== Segment start ==

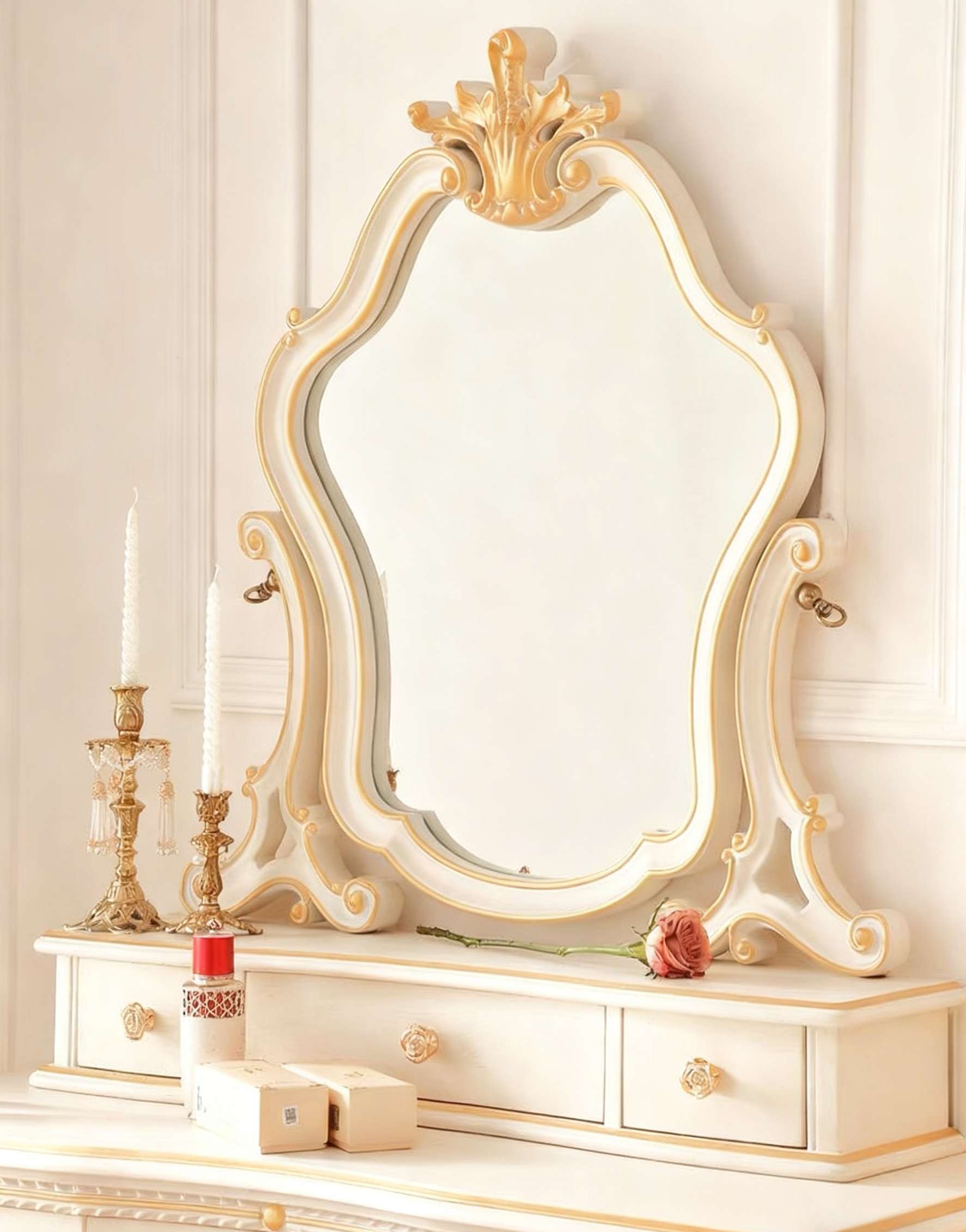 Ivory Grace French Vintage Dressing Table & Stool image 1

== Segment end ==
== Segment start ==

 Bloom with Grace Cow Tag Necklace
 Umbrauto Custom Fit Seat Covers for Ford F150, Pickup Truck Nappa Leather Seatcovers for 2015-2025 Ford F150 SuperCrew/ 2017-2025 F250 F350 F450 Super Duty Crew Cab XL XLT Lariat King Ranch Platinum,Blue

== Segment end ==
== Segment start ==

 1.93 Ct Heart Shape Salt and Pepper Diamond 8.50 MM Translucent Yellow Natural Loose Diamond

== Segment end ==

▶ **Task statement**: What is needed is a verbatim copy of every line in the records above from the one containing "Bloom with Grace Cow Tag Necklace" down to the one containing "Umbrauto Custom Fit", both included, and nothing more.

▶ **Result of this task**:
 Bloom with Grace Cow Tag Necklace
 Umbrauto Custom Fit Seat Covers for Ford F150, Pickup Truck Nappa Leather Seatcovers for 2015-2025 Ford F150 SuperCrew/ 2017-2025 F250 F350 F450 Super Duty Crew Cab XL XLT Lariat King Ranch Platinum,Blue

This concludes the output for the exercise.